Short descriptive text snippets:
- - - - -
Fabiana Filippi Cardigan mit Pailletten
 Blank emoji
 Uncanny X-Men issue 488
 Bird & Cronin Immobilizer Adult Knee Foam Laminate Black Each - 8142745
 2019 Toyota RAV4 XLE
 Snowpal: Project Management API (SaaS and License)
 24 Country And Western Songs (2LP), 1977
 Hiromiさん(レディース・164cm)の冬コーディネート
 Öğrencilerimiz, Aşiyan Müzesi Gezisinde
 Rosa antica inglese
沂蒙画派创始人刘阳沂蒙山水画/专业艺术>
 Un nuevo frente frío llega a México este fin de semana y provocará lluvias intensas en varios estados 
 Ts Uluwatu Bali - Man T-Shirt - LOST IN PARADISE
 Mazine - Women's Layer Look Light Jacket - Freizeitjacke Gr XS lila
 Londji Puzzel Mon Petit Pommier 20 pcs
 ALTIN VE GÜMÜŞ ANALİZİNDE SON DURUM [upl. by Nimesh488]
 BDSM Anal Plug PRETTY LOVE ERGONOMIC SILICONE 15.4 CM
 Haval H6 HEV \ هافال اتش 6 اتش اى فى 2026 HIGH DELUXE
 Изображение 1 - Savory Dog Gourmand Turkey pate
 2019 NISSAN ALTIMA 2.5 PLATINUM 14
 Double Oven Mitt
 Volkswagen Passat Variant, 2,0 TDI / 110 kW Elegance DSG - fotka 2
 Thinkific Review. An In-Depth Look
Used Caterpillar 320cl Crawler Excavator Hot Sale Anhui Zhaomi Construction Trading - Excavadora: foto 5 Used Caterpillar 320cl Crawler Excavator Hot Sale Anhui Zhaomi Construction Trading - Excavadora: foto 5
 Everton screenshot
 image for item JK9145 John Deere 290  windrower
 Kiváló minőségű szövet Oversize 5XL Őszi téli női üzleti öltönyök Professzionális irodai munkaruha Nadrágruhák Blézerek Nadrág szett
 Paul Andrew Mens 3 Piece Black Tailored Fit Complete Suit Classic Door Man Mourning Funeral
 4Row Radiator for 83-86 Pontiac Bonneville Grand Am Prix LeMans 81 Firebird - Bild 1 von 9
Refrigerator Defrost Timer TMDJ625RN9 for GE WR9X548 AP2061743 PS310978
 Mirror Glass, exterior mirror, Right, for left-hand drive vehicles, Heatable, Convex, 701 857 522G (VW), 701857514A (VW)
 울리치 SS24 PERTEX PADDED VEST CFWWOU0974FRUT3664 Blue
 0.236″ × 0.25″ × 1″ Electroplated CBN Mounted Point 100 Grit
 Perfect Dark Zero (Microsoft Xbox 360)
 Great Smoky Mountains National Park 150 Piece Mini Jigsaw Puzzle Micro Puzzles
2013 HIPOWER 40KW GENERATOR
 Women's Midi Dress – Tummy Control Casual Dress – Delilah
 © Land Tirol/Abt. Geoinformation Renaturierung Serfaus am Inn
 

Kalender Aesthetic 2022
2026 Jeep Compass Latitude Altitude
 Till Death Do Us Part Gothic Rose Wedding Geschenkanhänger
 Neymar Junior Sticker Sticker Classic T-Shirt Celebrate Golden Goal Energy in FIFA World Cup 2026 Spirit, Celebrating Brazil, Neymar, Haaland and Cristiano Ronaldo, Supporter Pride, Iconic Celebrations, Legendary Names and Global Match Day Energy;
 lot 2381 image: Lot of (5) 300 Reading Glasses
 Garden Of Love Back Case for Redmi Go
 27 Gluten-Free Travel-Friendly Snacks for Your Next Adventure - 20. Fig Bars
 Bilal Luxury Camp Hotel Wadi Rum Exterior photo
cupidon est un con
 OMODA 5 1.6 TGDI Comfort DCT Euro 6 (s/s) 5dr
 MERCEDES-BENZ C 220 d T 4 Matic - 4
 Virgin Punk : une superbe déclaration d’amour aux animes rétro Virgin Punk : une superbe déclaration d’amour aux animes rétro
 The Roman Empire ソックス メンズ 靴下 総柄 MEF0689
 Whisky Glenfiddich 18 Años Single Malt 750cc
- - - - -
**Directions for this task**.
Start with the line above that contains "Londji Puzzel Mon Petit Pommier 20 pcs" and end with the line that contains "Till Death Do". Write out those lines exactly, and only those.

**Written solution**.
 Londji Puzzel Mon Petit Pommier 20 pcs
 ALTIN VE GÜMÜŞ ANALİZİNDE SON DURUM [upl. by Nimesh488]
 BDSM Anal Plug PRETTY LOVE ERGONOMIC SILICONE 15.4 CM
 Haval H6 HEV \ هافال اتش 6 اتش اى فى 2026 HIGH DELUXE
 Изображение 1 - Savory Dog Gourmand Turkey pate
 2019 NISSAN ALTIMA 2.5 PLATINUM 14
 Double Oven Mitt
 Volkswagen Passat Variant, 2,0 TDI / 110 kW Elegance DSG - fotka 2
 Thinkific Review. An In-Depth Look
Used Caterpillar 320cl Crawler Excavator Hot Sale Anhui Zhaomi Construction Trading - Excavadora: foto 5 Used Caterpillar 320cl Crawler Excavator Hot Sale Anhui Zhaomi Construction Trading - Excavadora: foto 5
 Everton screenshot
 image for item JK9145 John Deere 290  windrower
 Kiváló minőségű szövet Oversize 5XL Őszi téli női üzleti öltönyök Professzionális irodai munkaruha Nadrágruhák Blézerek Nadrág szett
 Paul Andrew Mens 3 Piece Black Tailored Fit Complete Suit Classic Door Man Mourning Funeral
 4Row Radiator for 83-86 Pontiac Bonneville Grand Am Prix LeMans 81 Firebird - Bild 1 von 9
Refrigerator Defrost Timer TMDJ625RN9 for GE WR9X548 AP2061743 PS310978
 Mirror Glass, exterior mirror, Right, for left-hand drive vehicles, Heatable, Convex, 701 857 522G (VW), 701857514A (VW)
 울리치 SS24 PERTEX PADDED VEST CFWWOU0974FRUT3664 Blue
 0.236″ × 0.25″ × 1″ Electroplated CBN Mounted Point 100 Grit
 Perfect Dark Zero (Microsoft Xbox 360)
 Great Smoky Mountains National Park 150 Piece Mini Jigsaw Puzzle Micro Puzzles
2013 HIPOWER 40KW GENERATOR
 Women's Midi Dress – Tummy Control Casual Dress – Delilah
 © Land Tirol/Abt. Geoinformation Renaturierung Serfaus am Inn
 

Kalender Aesthetic 2022
2026 Jeep Compass Latitude Altitude
 Till Death Do Us Part Gothic Rose Wedding Geschenkanhänger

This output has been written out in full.